The elephant then took another step forward, crunching more twiggy brush under its foot... one more and it's going to be on top of me, I thought. Its body ballooned a darker shadow over the tent, blocking out the moon's lights, and with his trunk, bopped the top of tent sending tremors through its aluminium polls. "Hey, man... sleeping here." I stayed silent.
I've watched elephants use outcroppings before to scratch their backs. Rolling side to side with their hind legs, pushing their weight into the rock. I trusted that its trunk transmitted a favorable neuro-message that this wasn't a practical option — this is no boulder, it certainly thought. Then his unfurled trunk landed with a thud next to my ear as further investigations continued. Its prehensile "fingers" rubbed against the tent while an inhaling trunk sucked the oxygen from my inner brain out my ear and into some kind of stethoscope-ish reverb didgeridoo. It was immensely loud — Spinal Tap "11" kind of loud.
In a moment the elephant pivoted right and with three short steps was interrogating a cooking pot and a backpacking stove I've had for decades. My Helinox camping chair was toppled over next. With another step, he crushed an empty can of Tusker lager — Kenya's favorite beer — triggering a flash distraction, a save-the-planet aluminium recycling campaign. I remained horizontal, my heart still thrill-pumping blood.
Seemingly disinterested with its find, the elephant pivoted towards the tent once more. As he stepped into tent's moonlight again, filling my space with a darker darkness. It made one more query of the tent's dome and then slowly slumbered left, staggering up the crater's slope until it was gone.
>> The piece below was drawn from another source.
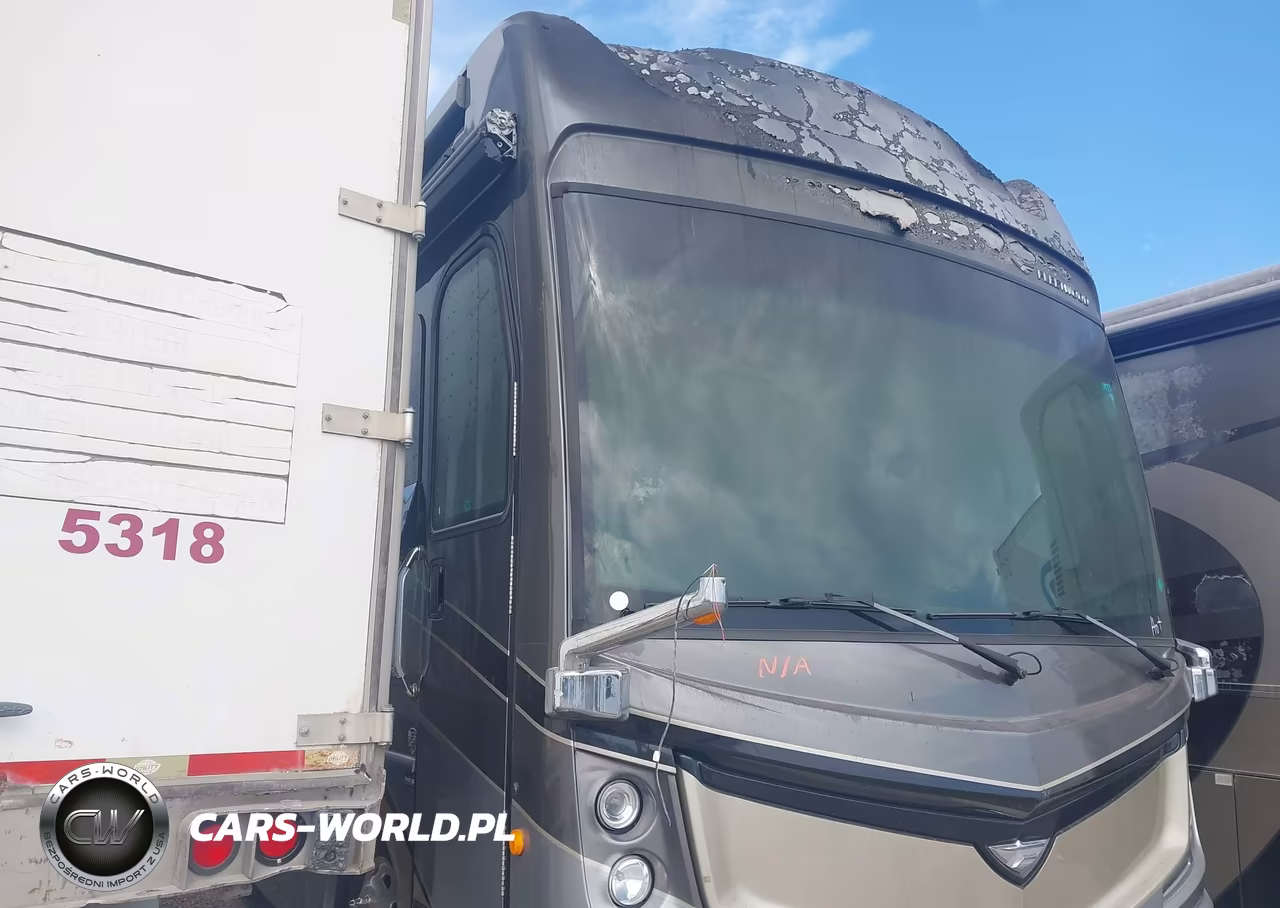 2018 Freightliner Chassis Xc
I saw only one solitary bull elephant while camping at Lake Paradise, pictured here. I’m certain he was my midnight visitor. In fact, in this photo from the day before, you can see the plan forming: munch some succulent grass, play it cool with no sudden movements, and wait for nightfall. A standard routine of any midnight prowler.
I did manage a few hours of sleep after this. With sun up, I zipped open the tent, staggered out, and awkwardly stood up while thorny thickets latched onto my head on the way up. Then, a panoramic scan of the lake's rim zoomed in on a lone spotted hyena some 25-30 meters away, more upright than myself, and eyes locked as I pulled twigs from my disheveled hair.

"Dammit", I thought, "I'm in no condition to deal with this situation." But five seconds later the hyena turned in the direction of the rising sun and galloped off, silently slipping into the forest and out of sight. I managed a poor photo, but it captures what otherwise felt like a ghost to me at the time.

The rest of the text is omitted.